A helper function can be introduced to help ease the contribution efforts when dealing with larger datasets, and to help unify how we subsample data. Example usage:
self.dataset['test'] = stratified_subsampling(self.dataset['test'], N_SAMPLES)
Totally agree, we can use train_test_split
from datasets
? Or we can create a the core of the function. There may exist better options here.
I'd add a variable to choose on what column to stratify (I assume the method is defined in AbsTask
):
self.stratified_subsampling(self.dataset, label, n_samples)
Should the method be defined in AbsTask
?
Yes that's a good spot. I noticed that .select
is being used in more than 1 task. I can open a PR for this.
I think for now we can point new contributions to this when needed. As for the previous usage of .shuffle
or .select
, it may require running of results, and there are a lot to go through.
How should we handle that?
We should totally point new contributors towards this yes!

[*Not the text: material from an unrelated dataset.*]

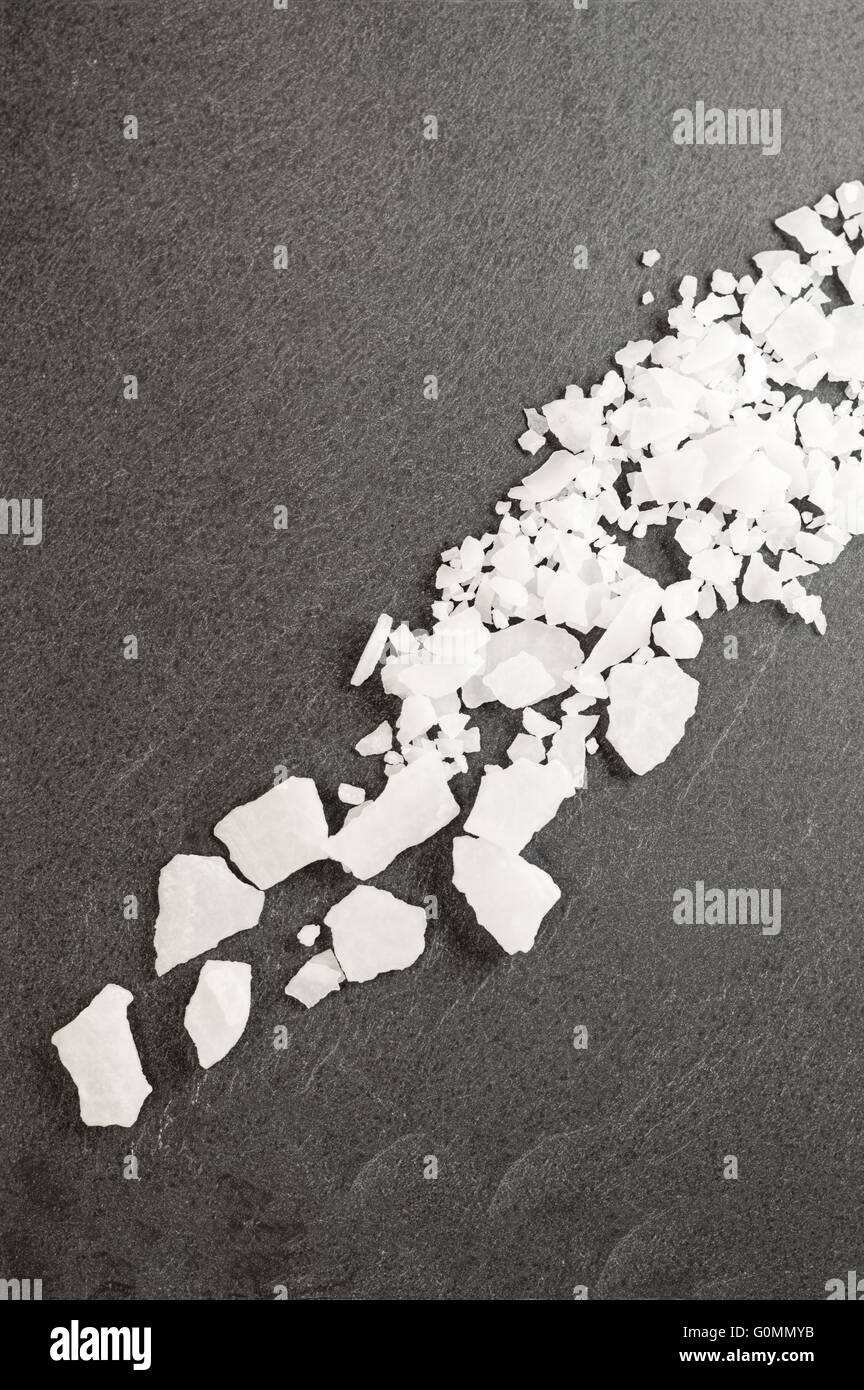 Top view of magnesium chloride flakes on a dark granite slate. Stock Photo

Although I think it's posible to replace old subsampling functions, there are not a lot of them for the moment. We also should be able to run evals again on multilingual-e5-small
and paraphrase-multilingual-MiniLM-L12-v2
.
If you want we can split the work, you can open a PR with the new subsampling function proposition, and I'll update tasks using the old version and run evaluations again, wdyt?
Ya let's do that 💪
Wonderful suggestion @isaac-chung and @imenelydiaker!